• _GOAL OF THE EXERCISE_
If a line includes "following", copy it out of the entries.

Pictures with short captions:
*****

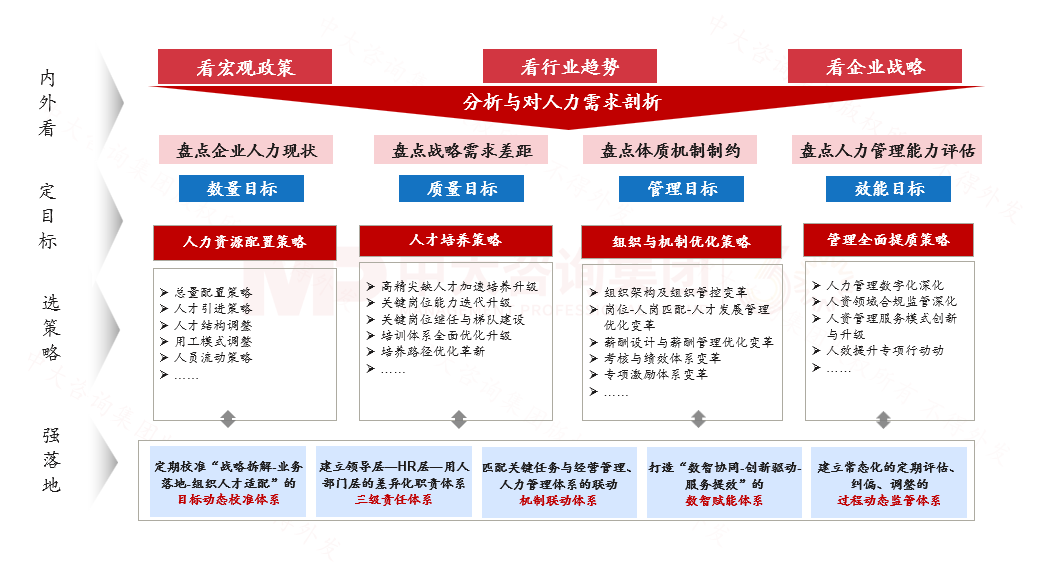 人力资源规划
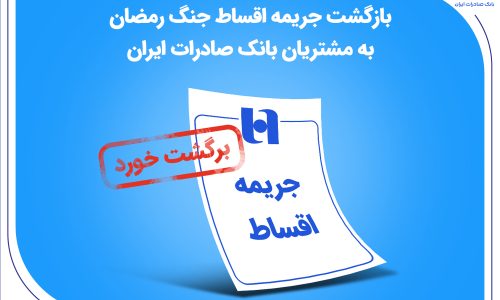 بانک صادرات ایران؛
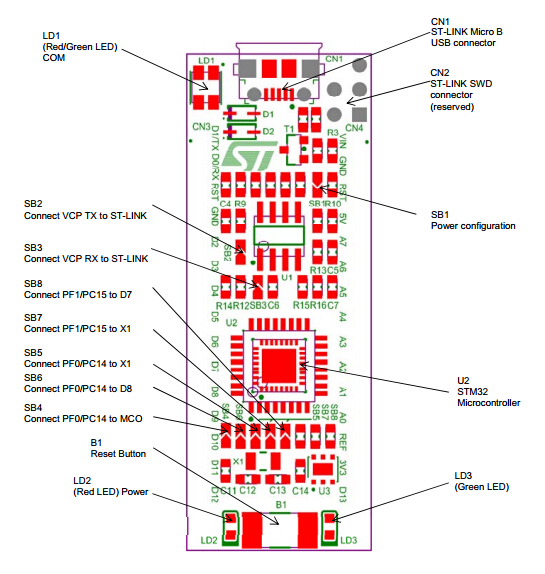 NUCLEO-F303K8 what's onboard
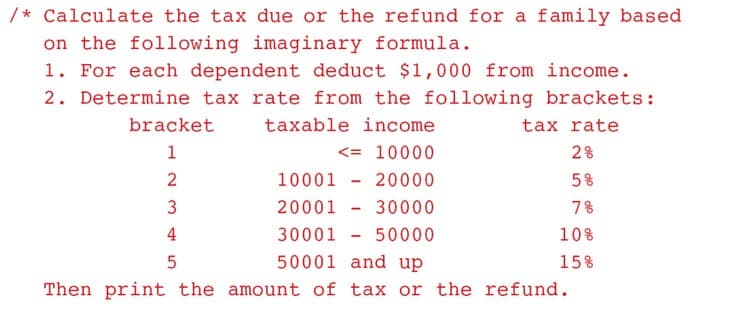 /* Calculate the tax due or the refund for a family based
on the following imaginary formula.
1. For each dependent deduct $1,000 from income.
2. Determine tax rate from the following brackets:
bracket
taxable income
tax rate
1
<= 10000
28
2
10001 - 20000
5%
3
20001
30000
7%
4
30001
50000
10%
5
50001 and up
15%
Then print the amount of tax or the refund.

*****

• _ANSWER BELOW_
on the following imaginary formula.
2. Determine tax rate from the following brackets:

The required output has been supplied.